Connect your Shopify store and orders flow into sales, inventory levels flow back out as you produce and ship, and both sides stay in sync — without a separate middleware subscription in between.
Orders import automatically
New Shopify orders import as sales orders automatically, along with cancellations and refunds — a cancelled order cancels on the OakNex side too, or parks for review if it already shipped, and a refund either restocks the returned goods or links as a money-only adjustment. Buyer and shipping details come across with the order, so addresses are not re-entered by hand.
If a variant on the order does not have a mapped item yet, that order waits for you to fix the mapping rather than importing with a guess — a short delay is preferable to the wrong material being picked for a customer order.

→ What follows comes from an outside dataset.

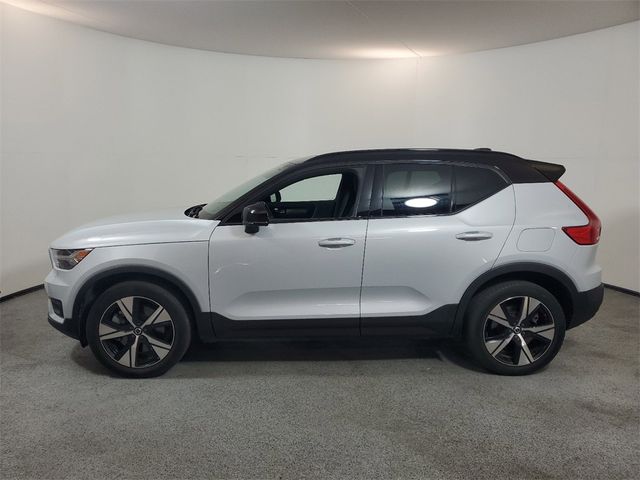 2021 Volvo XC40 Base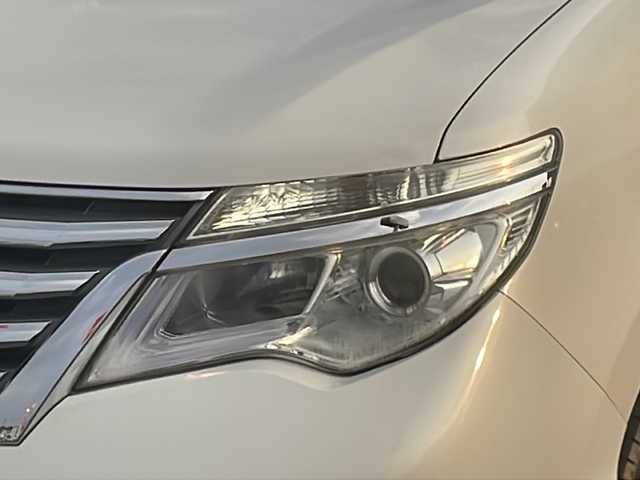 日産 セレナ HWS S HV Vセレ +Sefty 熊本県 2015(平27)年 7.1万km ブリリアントホワイトパール (株)IDOMが運営する【じしゃロン熊本店】の自社ローン対象車両になります。こちらは現金ご利用時の価格です。自社ローンご希望の方は別途その旨お申付け下さい。/純正ナビ（ＣＤ　ＤＶＤ　ＳＤ　フルセグＴＶ）　/バックカメラ　/ＥＴＣ　/両側パワースライドドア　/クルーズコントロール　/レーンキープアシスト　/エマージェンシーブレーキ　/Ｗエアバッグ　/プッシュスタート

Inventory levels push back to Shopify
As you produce and ship in OakNex, available inventory pushes back to Shopify as an absolute quantity, summed across your real locations (excluding stock in transit) — so your storefront reflects what you can actually promise, rather than a figure from the previous sync. That number comes straight out of the same stock ledger the rest of the app relies on, so a finished batch landing in inventory shows up on your storefront the same way it shows up in every other report.
Variant ↔ item mapping by SKU/barcode
OakNex matches Shopify variants to your items automatically by SKU or barcode where they match, with manual mapping and a re-run-match option for anything that doesn't. A catalog import can pull your Shopify products in and attempt the match in bulk, so connecting an existing store does not require mapping each variant by hand.

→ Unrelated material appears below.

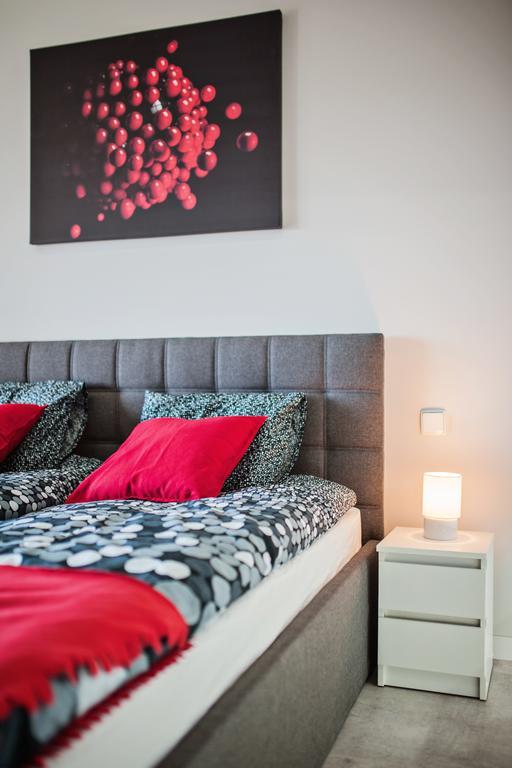 Good Time Apartments - Boznicza 1 I Male Garbary 8 Poznań Eksteriør billede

Fix a mismatch once and it sticks — re-run the match after you correct it, and the same fix applies to every future order for that variant instead of you catching it manually each time.
Fulfillments with tracking pushed back
When a shipment posts against a Shopify order, the fulfillment — with tracking, when you have it — pushes back to Shopify, using the same sales and shipping flow that handles every other order. Your customer receives a fulfillment notification, and OakNex checks before creating one so a shipment never double-fulfills the same order.
What OakNex does not do
OakNex is not a storefront builder, a marketing tool or a replacement for Shopify's app ecosystem — it is the manufacturing and inventory backend behind the store you already run on Shopify. Theme editing and checkout customization remain Shopify's role; OakNex keeps the numbers behind the store — what is in stock, what has been produced, what has shipped — accurate.
If you sell on Shopify with no manufacturing behind it — pure resale, nothing you build yourself — OakNex is likely not needed. It becomes valuable once your store's inventory depends on a recipe and a production floor rather than only a supplier's stock feed.
It is also not a one-way sync bolted onto a spreadsheet workflow — orders, inventory, mapping and fulfillment all run through the same connection, so there is one place to check rather than several dashboards that may disagree.
Frequently asked questions
Answers to the questions we hear most often.
Does OakNex import Shopify orders automatically?
Yes — new orders import as sales orders automatically, and cancellations and refunds sync too. A cancellation that arrives after the order has already shipped parks for manual review instead of failing silently.
Will my Shopify inventory levels match what's actually in stock?
Yes — OakNex pushes an absolute available quantity back to Shopify as you produce and ship, summed across your real locations and excluding stock in transit.
How does OakNex match Shopify variants to my items?
Automatically by SKU or barcode where they match, with manual mapping for anything that doesn't and a re-run option after you fix a mismatch.
Is OakNex a full Shopify app replacement?
No — it's the manufacturing and inventory backend behind your store, not a storefront or page builder. It handles orders, inventory, fulfillment and mapping; Shopify still owns the storefront itself.